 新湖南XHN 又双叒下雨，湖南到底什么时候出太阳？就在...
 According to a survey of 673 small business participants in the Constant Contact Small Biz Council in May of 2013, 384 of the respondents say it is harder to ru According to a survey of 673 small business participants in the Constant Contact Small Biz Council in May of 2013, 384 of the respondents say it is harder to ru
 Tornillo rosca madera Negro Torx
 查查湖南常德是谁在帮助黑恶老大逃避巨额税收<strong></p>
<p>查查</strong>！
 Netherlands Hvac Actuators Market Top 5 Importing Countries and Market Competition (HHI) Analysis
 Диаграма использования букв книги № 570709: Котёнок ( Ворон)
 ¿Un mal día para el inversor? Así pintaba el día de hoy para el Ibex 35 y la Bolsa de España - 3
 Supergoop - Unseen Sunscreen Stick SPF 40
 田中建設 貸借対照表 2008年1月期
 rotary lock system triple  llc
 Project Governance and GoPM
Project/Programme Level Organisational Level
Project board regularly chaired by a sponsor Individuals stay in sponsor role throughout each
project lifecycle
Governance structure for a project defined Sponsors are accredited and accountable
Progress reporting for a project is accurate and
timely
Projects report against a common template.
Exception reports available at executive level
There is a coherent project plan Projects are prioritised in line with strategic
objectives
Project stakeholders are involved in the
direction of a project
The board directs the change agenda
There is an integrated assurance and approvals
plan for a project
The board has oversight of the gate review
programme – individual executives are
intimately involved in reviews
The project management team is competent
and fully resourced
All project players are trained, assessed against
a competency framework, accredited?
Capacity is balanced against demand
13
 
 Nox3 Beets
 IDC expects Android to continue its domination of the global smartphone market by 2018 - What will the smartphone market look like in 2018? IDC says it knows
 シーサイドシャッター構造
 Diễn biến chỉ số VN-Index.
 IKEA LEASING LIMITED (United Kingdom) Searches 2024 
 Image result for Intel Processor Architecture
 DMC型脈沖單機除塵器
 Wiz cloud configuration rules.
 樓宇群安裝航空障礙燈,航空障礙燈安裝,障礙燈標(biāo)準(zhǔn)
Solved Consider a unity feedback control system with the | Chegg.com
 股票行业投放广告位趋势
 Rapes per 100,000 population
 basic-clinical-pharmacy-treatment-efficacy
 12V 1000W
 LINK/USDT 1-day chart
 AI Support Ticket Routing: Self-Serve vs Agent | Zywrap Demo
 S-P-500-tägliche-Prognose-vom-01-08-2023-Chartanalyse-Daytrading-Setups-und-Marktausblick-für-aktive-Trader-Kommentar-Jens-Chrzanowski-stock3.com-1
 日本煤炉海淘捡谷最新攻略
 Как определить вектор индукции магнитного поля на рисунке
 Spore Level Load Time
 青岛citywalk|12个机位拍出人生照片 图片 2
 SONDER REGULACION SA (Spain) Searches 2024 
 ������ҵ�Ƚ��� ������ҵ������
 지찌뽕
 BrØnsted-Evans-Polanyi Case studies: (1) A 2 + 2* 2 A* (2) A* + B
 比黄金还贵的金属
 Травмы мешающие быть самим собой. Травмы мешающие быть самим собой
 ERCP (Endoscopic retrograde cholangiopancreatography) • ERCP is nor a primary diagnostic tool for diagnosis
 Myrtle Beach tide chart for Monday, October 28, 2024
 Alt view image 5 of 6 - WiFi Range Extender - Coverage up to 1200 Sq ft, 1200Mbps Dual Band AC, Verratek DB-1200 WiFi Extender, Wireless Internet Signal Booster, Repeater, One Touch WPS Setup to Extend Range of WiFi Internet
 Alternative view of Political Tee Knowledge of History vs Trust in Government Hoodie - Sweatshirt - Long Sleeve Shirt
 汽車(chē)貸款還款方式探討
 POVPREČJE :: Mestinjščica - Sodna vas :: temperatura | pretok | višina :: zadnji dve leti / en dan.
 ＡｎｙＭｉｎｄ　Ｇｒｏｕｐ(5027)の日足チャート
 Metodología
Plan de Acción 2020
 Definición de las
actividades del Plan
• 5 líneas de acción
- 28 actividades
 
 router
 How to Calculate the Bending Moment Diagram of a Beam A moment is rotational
.....
Return only the lines running from the line with "Definición de las" to the last line of the records, both included, exactly as written.

 Definición de las
actividades del Plan
• 5 líneas de acción
- 28 actividades
 
 router
 How to Calculate the Bending Moment Diagram of a Beam A moment is rotational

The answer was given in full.